Now, we are ready to run the Easel workflow.
Step 4: create param.yaml
file to run
the Easel workflow:
BASH
WORKSHOP_DIR="${RCAC_SCRATCH}/annotation_workshop"
mkdir -p ${WORKSHOP_DIR}/06_easel
cd ${WORKSHOP_DIR}/06_easel
for the param.yaml
file:
YAML
outdir: easel
genome: /scratch/negishi/aseethar/annotation_workshop/00_datasets/genome/athaliana_softmasked.fasta
bam: /scratch/negishi/aseethar/annotation_workshop/00_datasets/bamfiles/*.bam
busco_lineage: embryophyta
order: Brassicales
prefix: arabidopsis
taxon: arabidopsis
singularity_cache_dir: /scratch/negishi/aseethar/singularity_cache
training_set: plant
executor: slurm
account: testpbs
qos: normal
project: testpbs
Now we are ready to run the Easel workflow:
Our slurm
file to run the Easel workflow:
BASH
#!/bin/bash
#SBATCH --nodes=1
#SBATCH --ntasks=8
#SBATCH --time=04-00:00:00
#SBATCH --job-name=easel
#SBATCH --output=%x.o%j
#SBATCH --error=%x.e%j
# Load the required modules
ml purge
ml biocontainers
ml openjdk
nextflow run \
-hub gitlab PlantGenomicsLab/easel \
-params-file params.yaml \
-profile rcac \
--project testpbs
This will run the Easel workflow on the RCAC HPC.
Results and Outputs
Key Points
- EASEL is executed using Nextflow, which simplifies workflow management and ensures reproducibility.

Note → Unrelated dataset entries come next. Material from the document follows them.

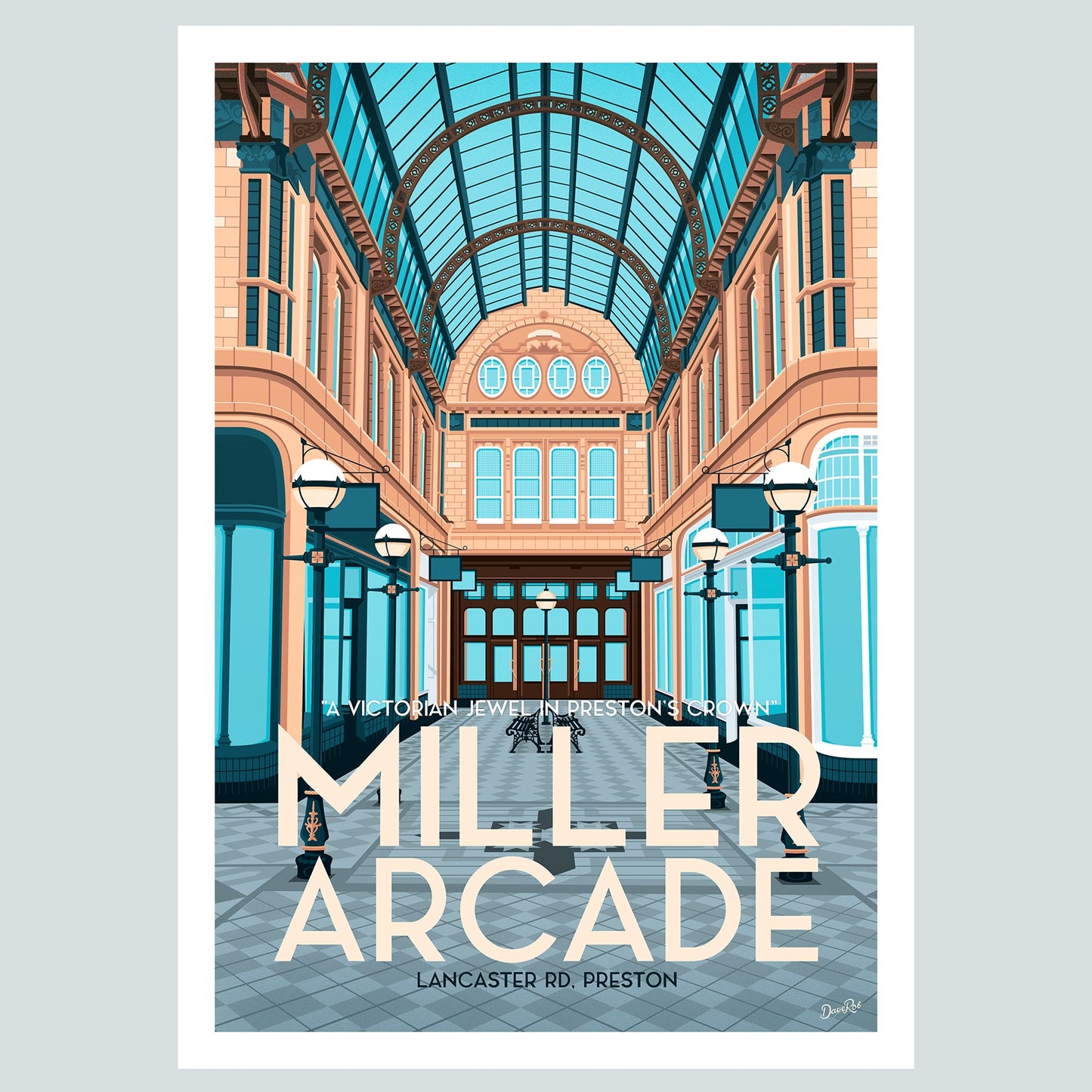 Miller Arcade in Preston Vintage Travel Poster Print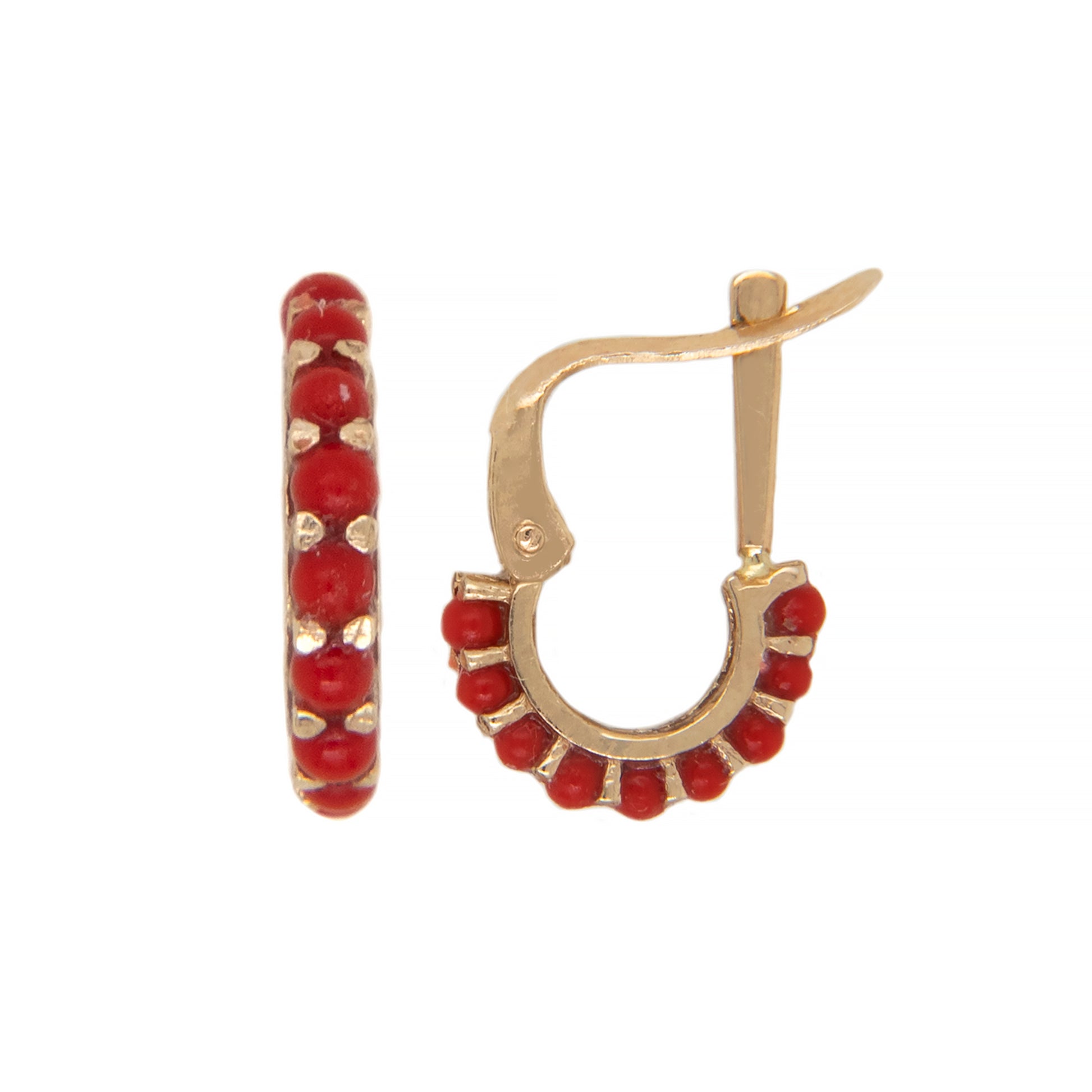 14K Yellow Gold Small Coral Cluster Huggie Hinged Post Earrings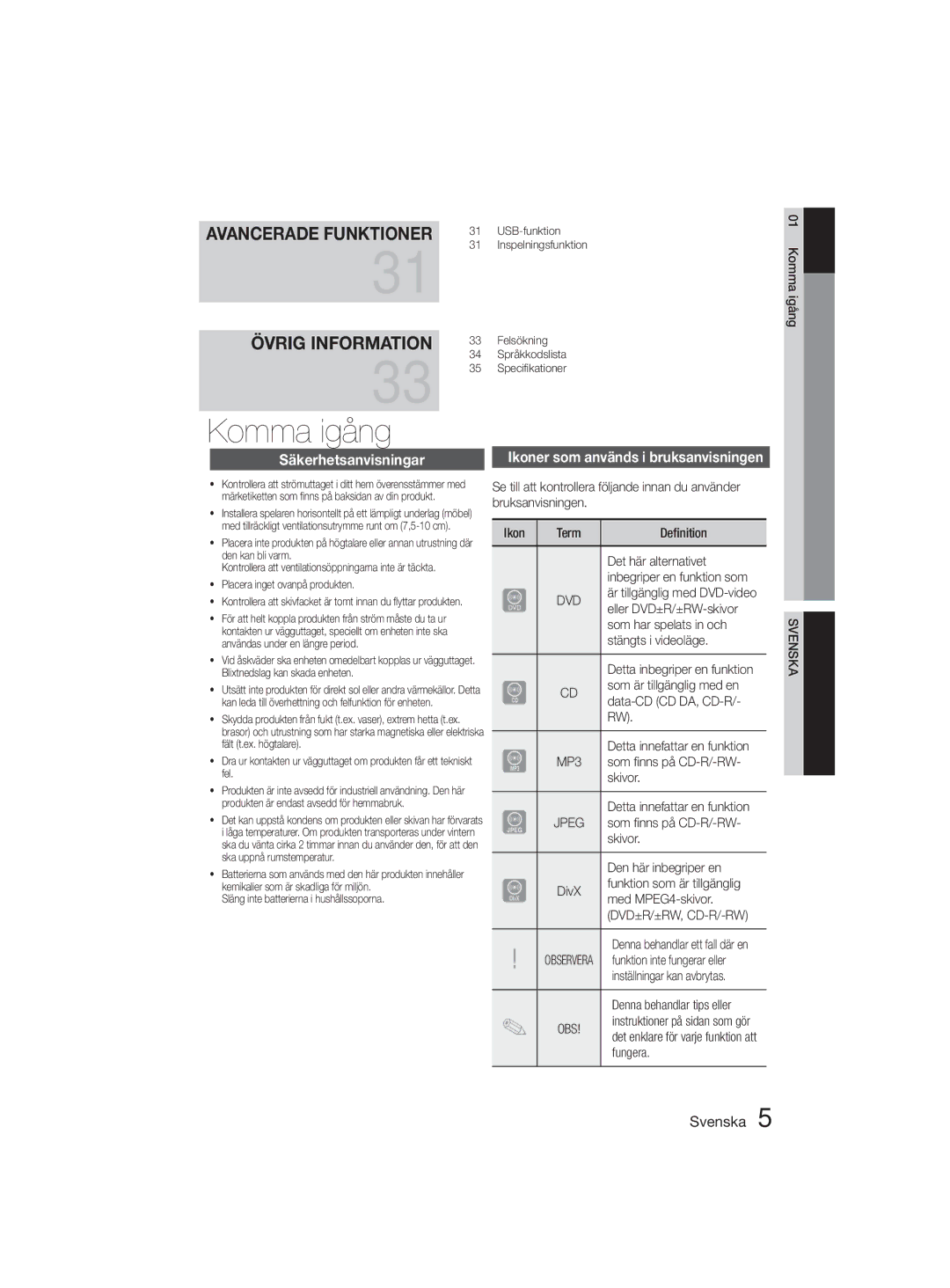 Samsung MM-D330D/XE manual Säkerhetsanvisningar, Dvd, Obs, Svenska 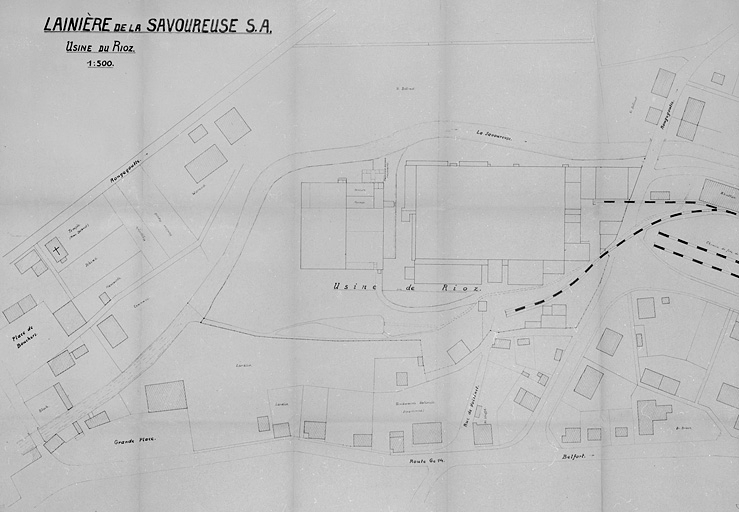 Lainière de la Savoureuse S.A., usine du Rioz [plan-masse]. © Région Bourgogne-Franche-Comté, Inventaire du patrimoine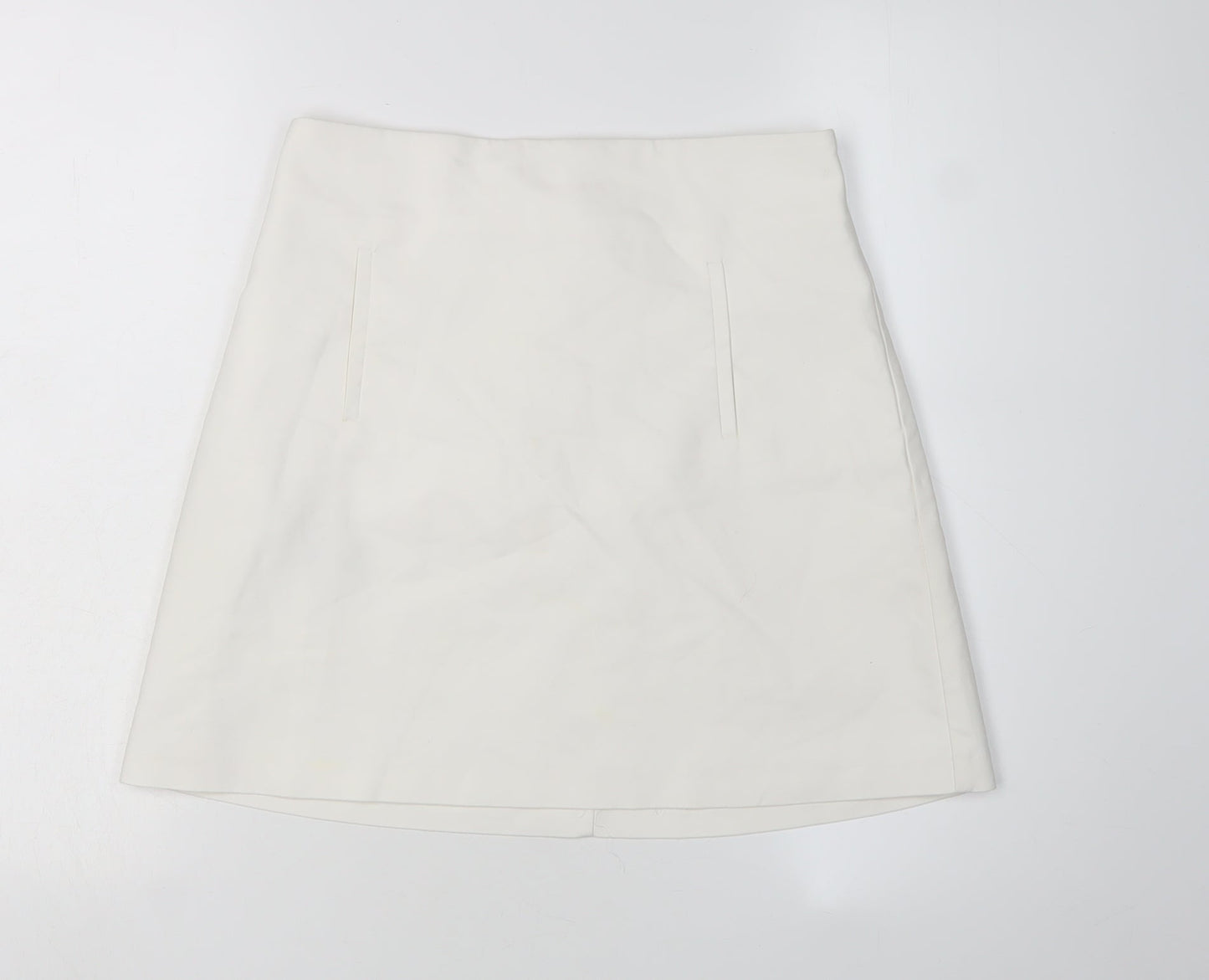 MNG Women's White Knee-Length Pencil Skirt, Size 10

- Proper configuration of resource settings and HPC parameters is essential for successful job execution.
- Running EASEL requires setting up input files, modifying configuration files, and submitting jobs via Slurm.
- Understanding how to monitor and troubleshoot jobs helps ensure efficient pipeline execution.